### DATASET CONTENT

Start of Block

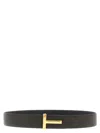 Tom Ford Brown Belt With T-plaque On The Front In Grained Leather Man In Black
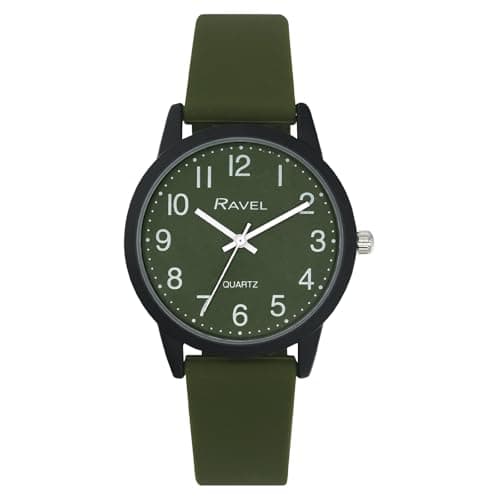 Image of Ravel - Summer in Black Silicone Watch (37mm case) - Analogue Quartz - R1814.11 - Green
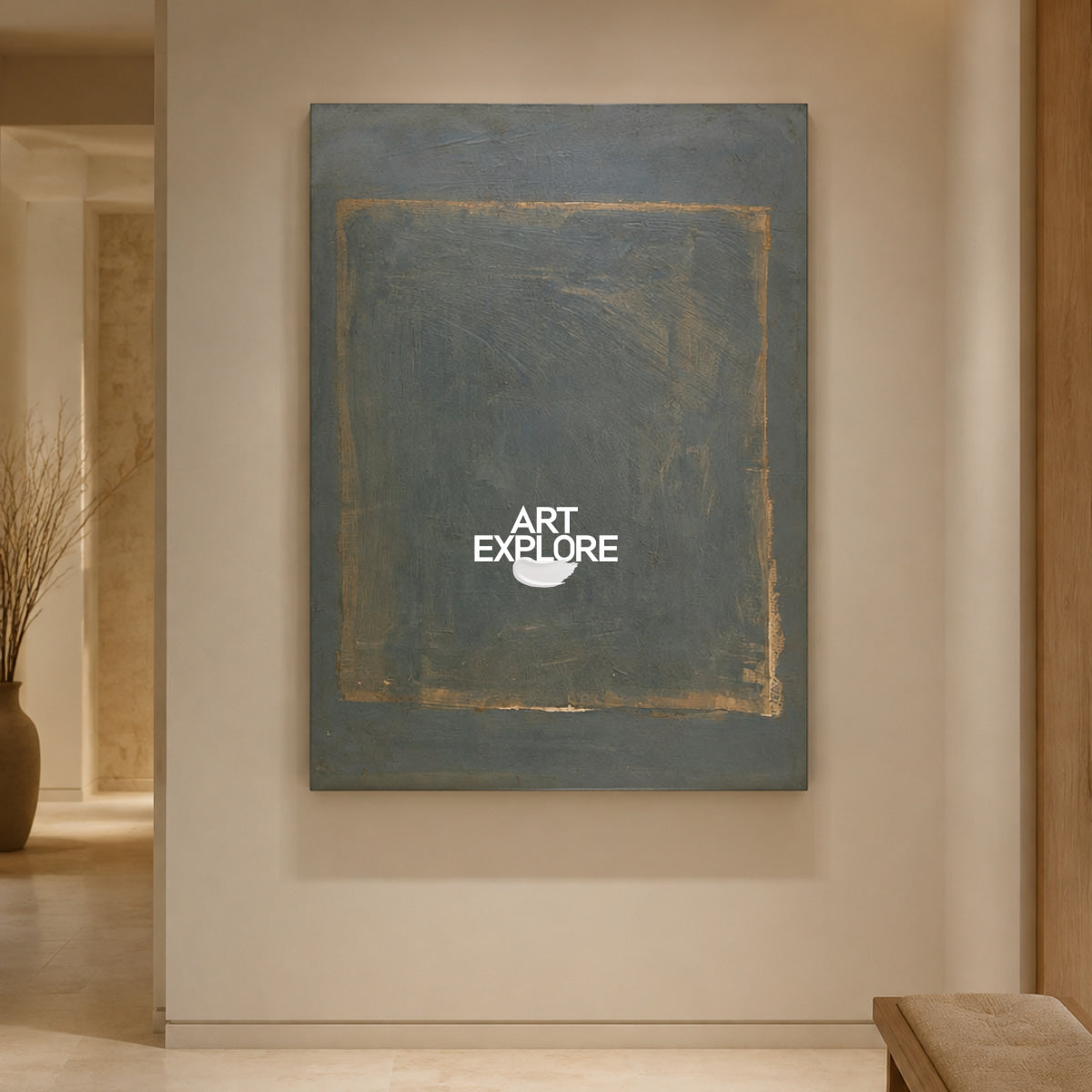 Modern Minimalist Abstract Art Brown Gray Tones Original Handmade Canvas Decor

End of Block

### WORK REQUEST
Set down word for word each line from the one containing "Image of Ravel" through the end of the material, and keep the pictures out of it.

### SOLUTION TO THIS EXERCISE
 Image of Ravel - Summer in Black Silicone Watch (37mm case) - Analogue Quartz - R1814.11 - Green
 Modern Minimalist Abstract Art Brown Gray Tones Original Handmade Canvas Decor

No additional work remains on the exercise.